Chemistry is the science that treats of the substantial changes in bodies. A substantial change means that which happens when a substance is changed, not by mere variation of temperature, nor by the fleeting influence of extrinsic agents, but by a change in its inmost being, so that it changes its nature, and, instead of being what it was, becomes another substance. Such mutation takes place in corporeal substances only, because they alone have a composite essence: and since our minds have no immediate intuition of substances, but know them through their operations, the diversity or contrariety of these operations will guide us to discern whether or no their substantial being is changed. This does not require a change in all the operations. It is enough to know that the specific operations have changed: for since the genus remains in the substantial mutations of corporeal things, the operations or passions belonging to the genus itself must remain. Hence a substance may change into another and yet have the same gravity, the same weight, the same solidity or liquidness, &c. It is very difficult sometimes to be sure of a substantial change, but we often can be sure of it. Knowing, for instance, that substances without life are different from living substances, we cannot doubt that inorganic minerals, when changed into plants or into sentient things, are substantially changed. This may, sometimes at least, be extended beyond the living, without fear of falling into error.
The proper and principal object, therefore, of chemistry is to be found in those substantial changes, obtained by combination of elements, which all modern scientists call chemical combination.
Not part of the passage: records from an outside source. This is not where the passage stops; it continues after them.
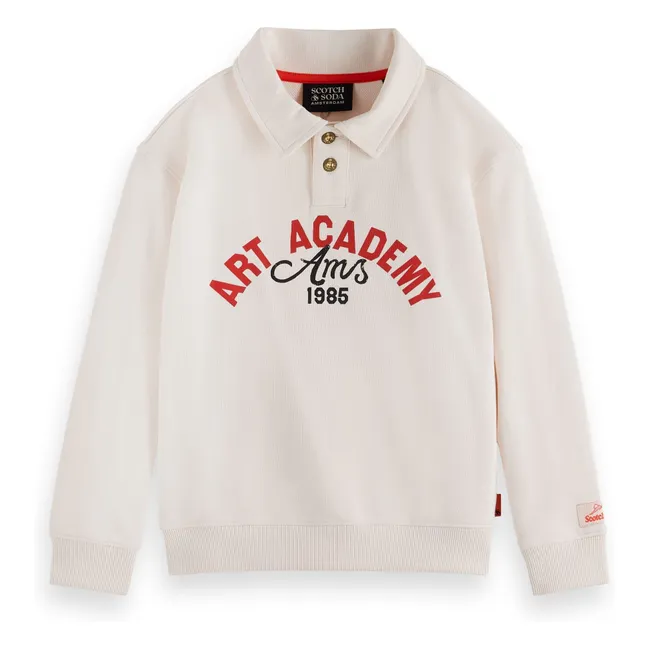 Sweat Polo Kragen Artwork Bio-Baumwolle | Elfenbeinfarben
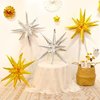 dmjuncong 10 Pcs Starburst Cone Balloons,Spike Balloons,Huge Gold Explosion Star Aluminum Foil Balloons for Mother's Day,Birthday, Wedding Anniversary,Graduation Party,Disco Party Decorations.
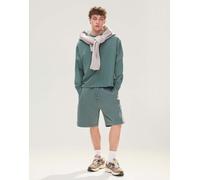 Bershka - Bermuda basic in felpa neri-Verde M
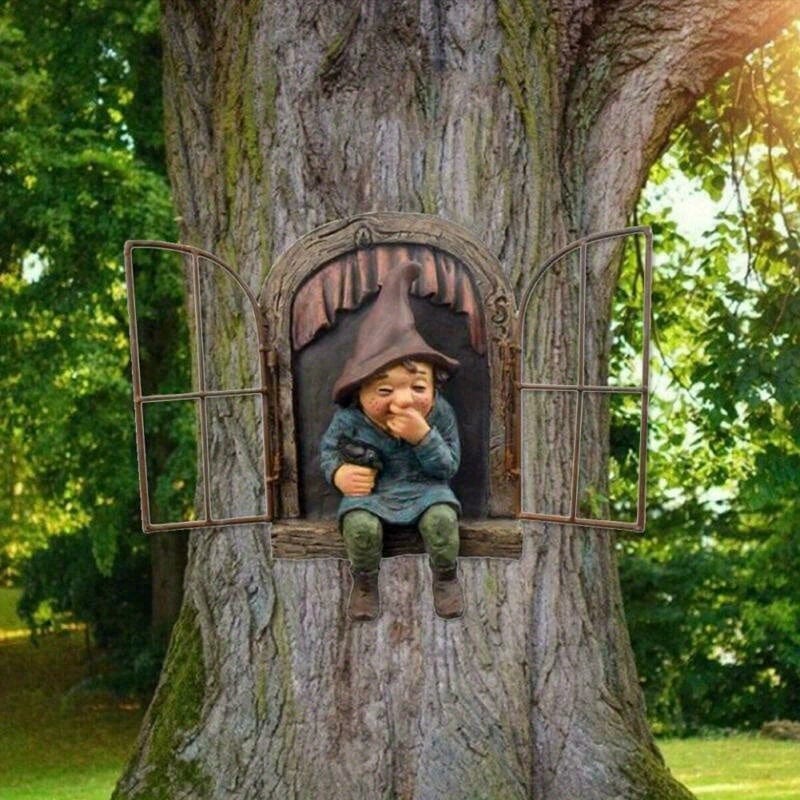 Planet Gates VariantValue 1pc Garden Voyeur Gnome Statue, Naughty Elf Gnomes Figurine Sculpture For Tree, Creative Garden Decor Statue, Suitable For Home, Courtyard, Porch, Garden Tree Decoration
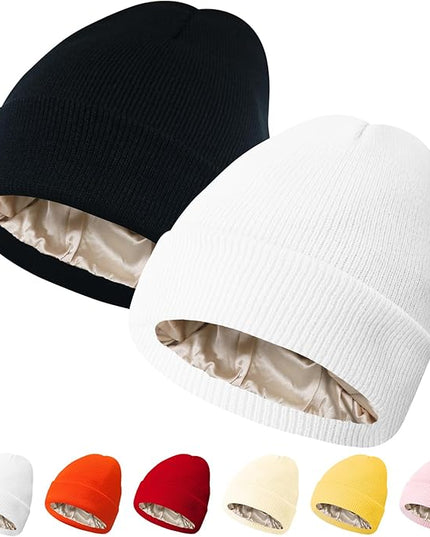 PFFY 2 Packs Womens Satin Lined Beanie Hat Silk Lining Winter Hats Beanies for Women Soft Slouchy Beanie Skull Cap
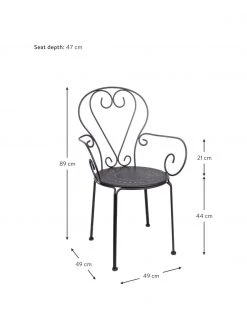 Bizzotto Chaise de jardin à accoudoirs Etienne, 2 pièces, larg. 49 x haut. 89 cm 12 Bizzotto Chaise de jardin à accoudoirs Etienne, 2 pièces, larg. 49 x haut. 89 cm -Jardin Soldes Boutique Chaise de jardin a accoudoirs Etienne 2 pieces 4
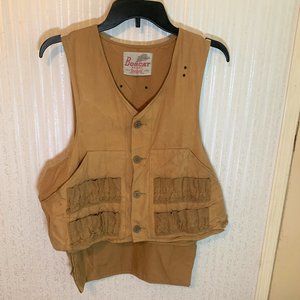 MENS - Vintage 1960s collectible BOBCAT Brand Canvas Hunting Vest, khaki 44 048
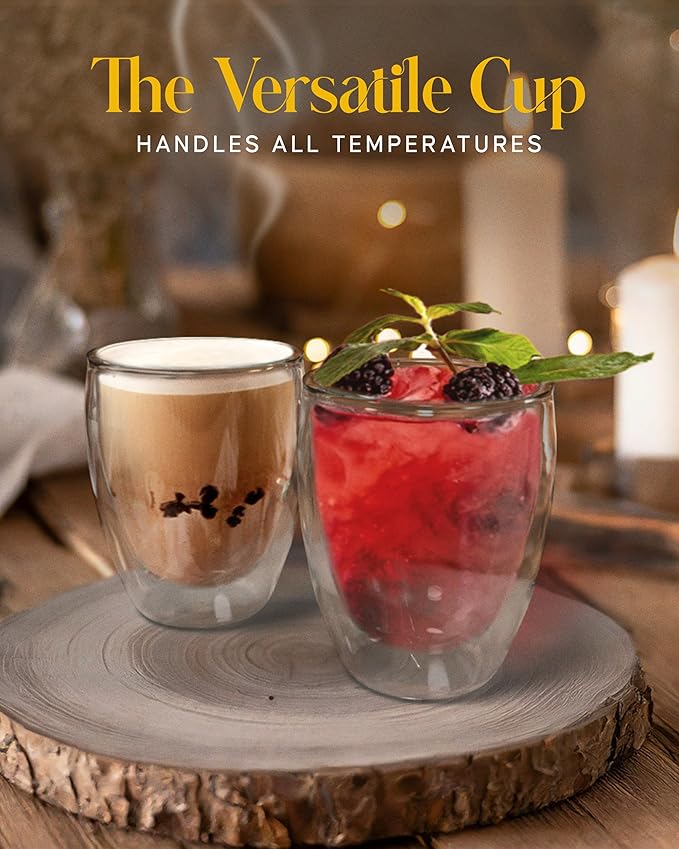 Kitchables Double Walled Glass Coffee Mugs Set of 2,12oz - Insulated Clear Coffee Mug for Cappuccino, Latte, Tea, Espresso - Latte cup - Tazas Para Cafe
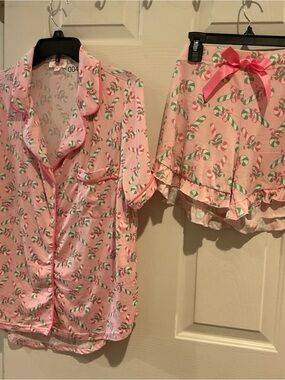 Jordan Pink Candy Cane Short Pajama Set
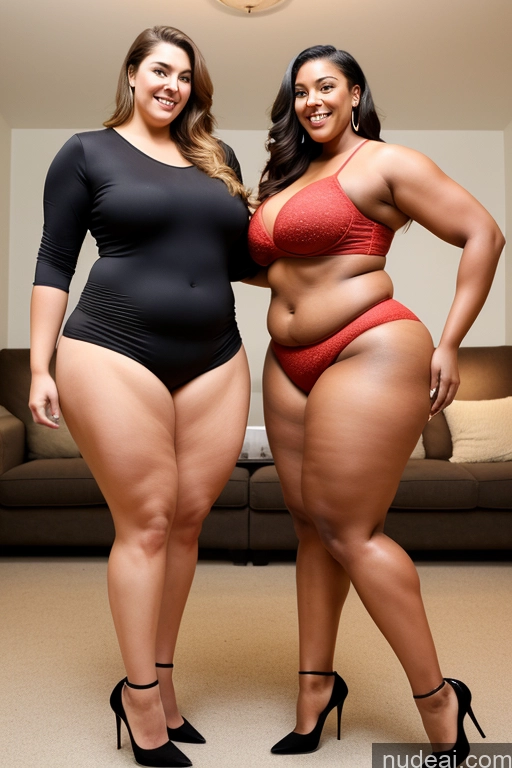 ai nude image of two women in black and red swimsuits posing for a picture pics of Tall Chubby Big Hips Big Ass Two Muscular Thick Fat Beautiful Long Legs High Heels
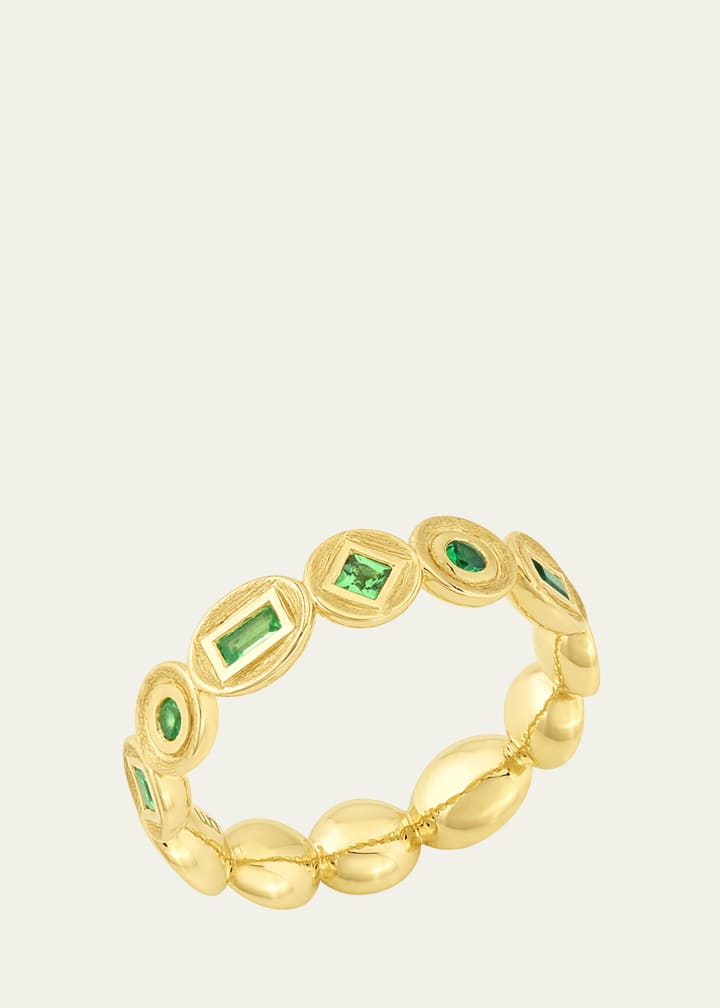 18k Gold Bezel Tsavorite Eternity Ring, Size 7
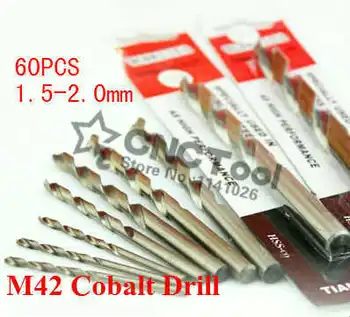 Bezmaksas piegāde 60 gab 1.5-2.0 mm, kas satur Kobalta ātrgaitas tērauda Co-HSS M42 vērpjot urbju metāla urbšana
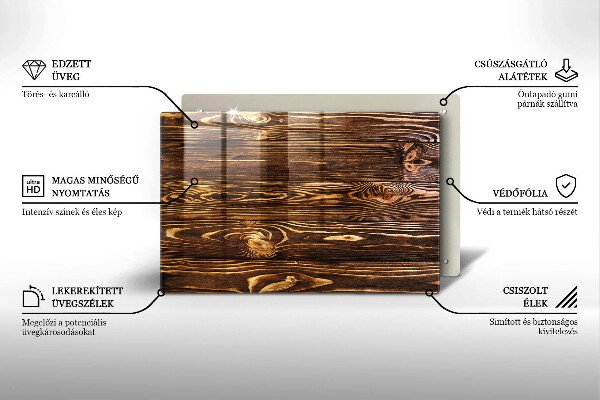 Stenska zaščitna plošča za štedilnik Tekstura lesa
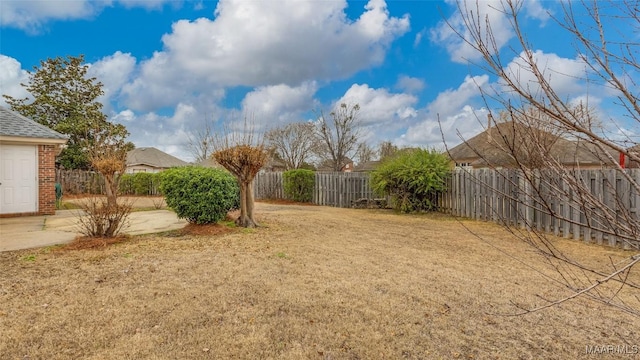 view of yard with a patio area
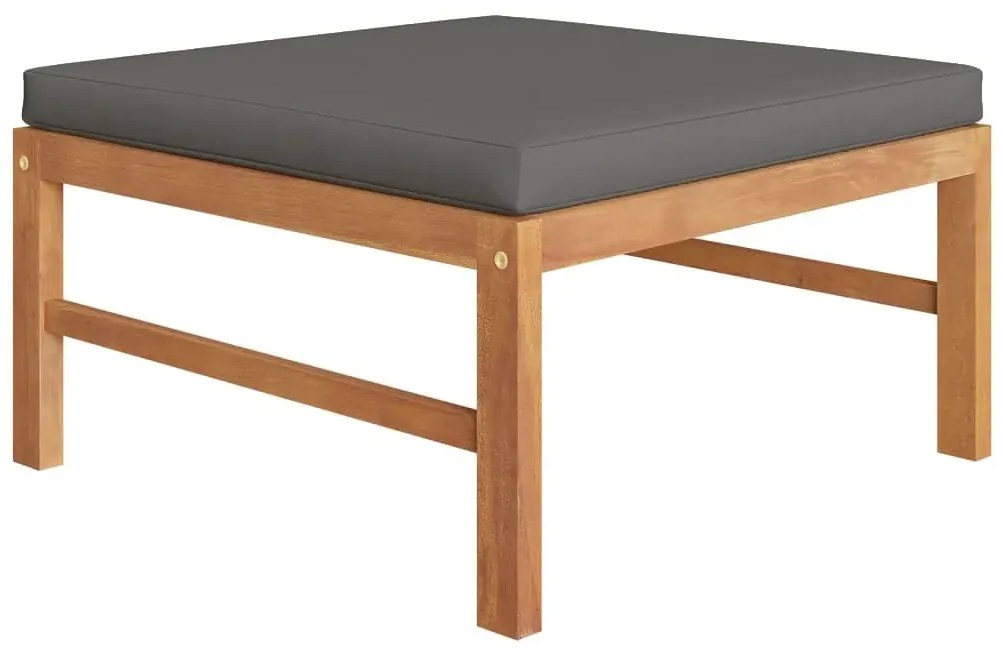 4 pcs conj. lounge jardim c/ almofadões cinzentos teca maciça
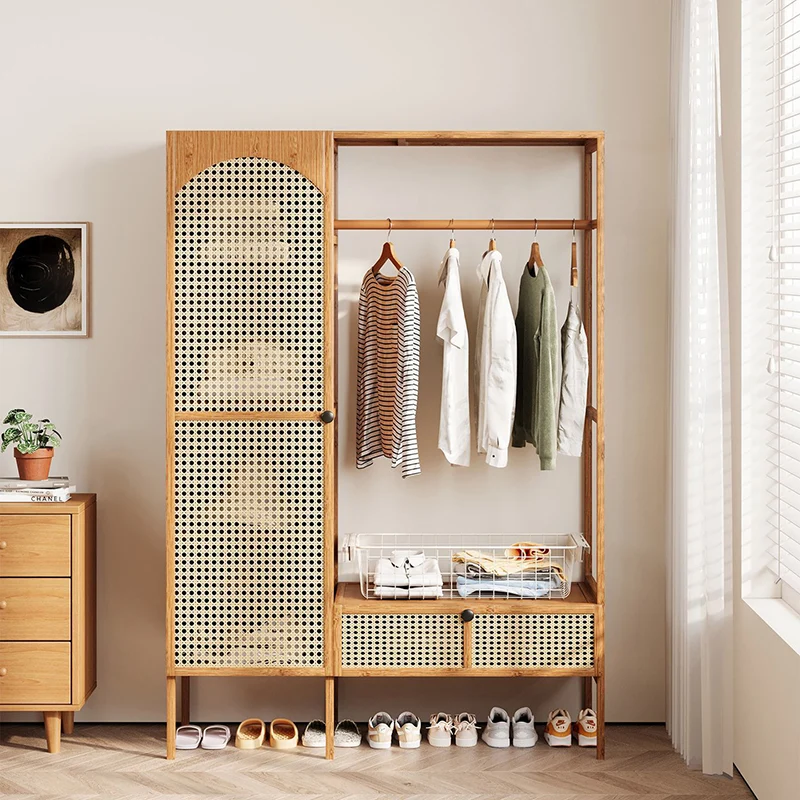 Traditional Japanese Nan Bamboo MDF Plastic Rattan Rectangular Weaving Hall Tree 4-Cabinet For Bedroom & Living Room
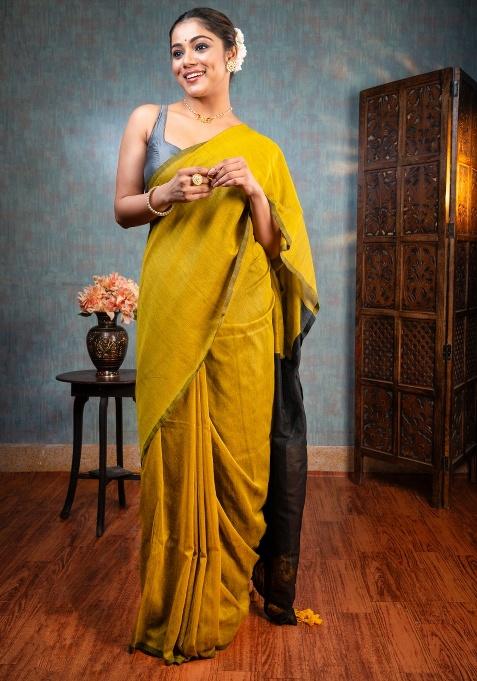 Yellow Woven Cotton Saree Set — view on Indya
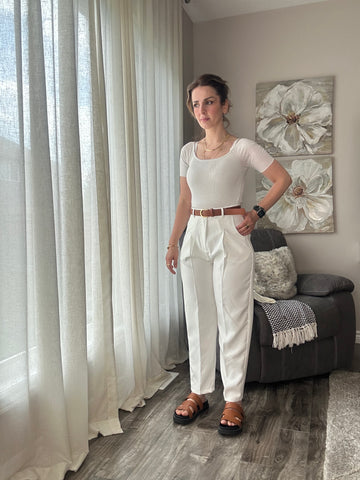 Women Tailored High Rise Straight Cut Belted Trousers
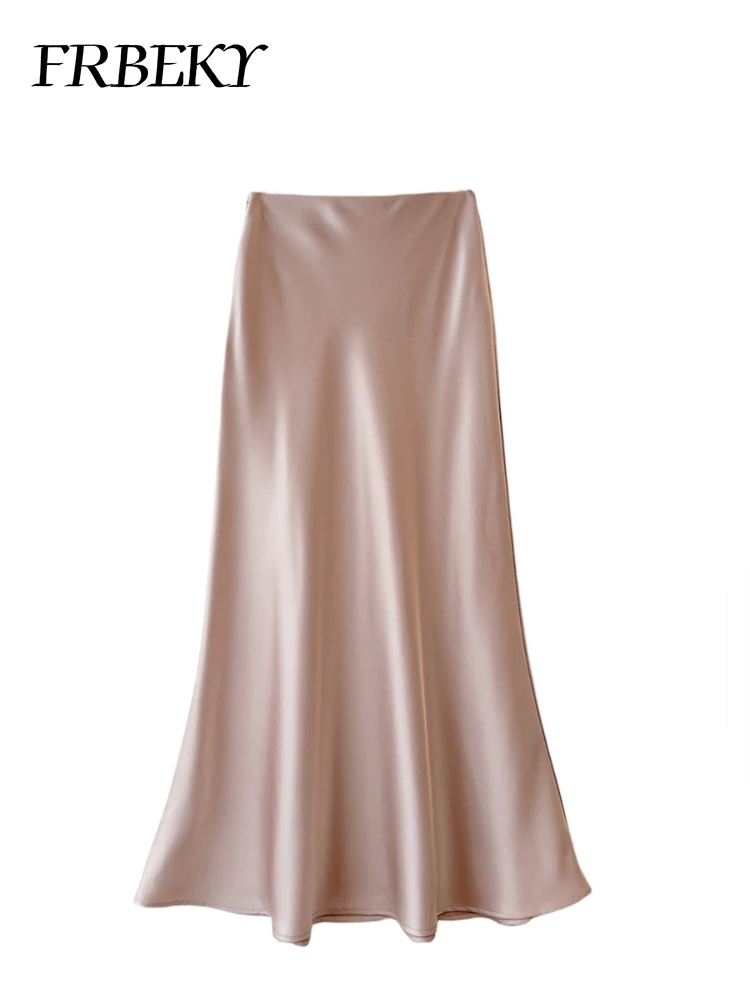 가을 하이웨이스트 얇은 중간 길이 새틴 하프 바디 스커트, 퓨어 컬러 패키지 힙 피쉬테일 스커트, 신축성 허리 하프 바디 스커트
The accidental changes of substances, called alterations, are but a secondary object accidentally treated of in chemistry. Herein there seems to be no essential discrepancy between the doctrine of St. Thomas and the true principles of modern science, together with the facts that chemists have shown to be certain. But the modern doctrine is in disagreement with that of many old physicists, and also of some modern ones, who put forward, without any sound reason, principles founded on their own fancy, or facts that do not exist. We must therefore discuss elementary substances according to our own doctrines distinctly.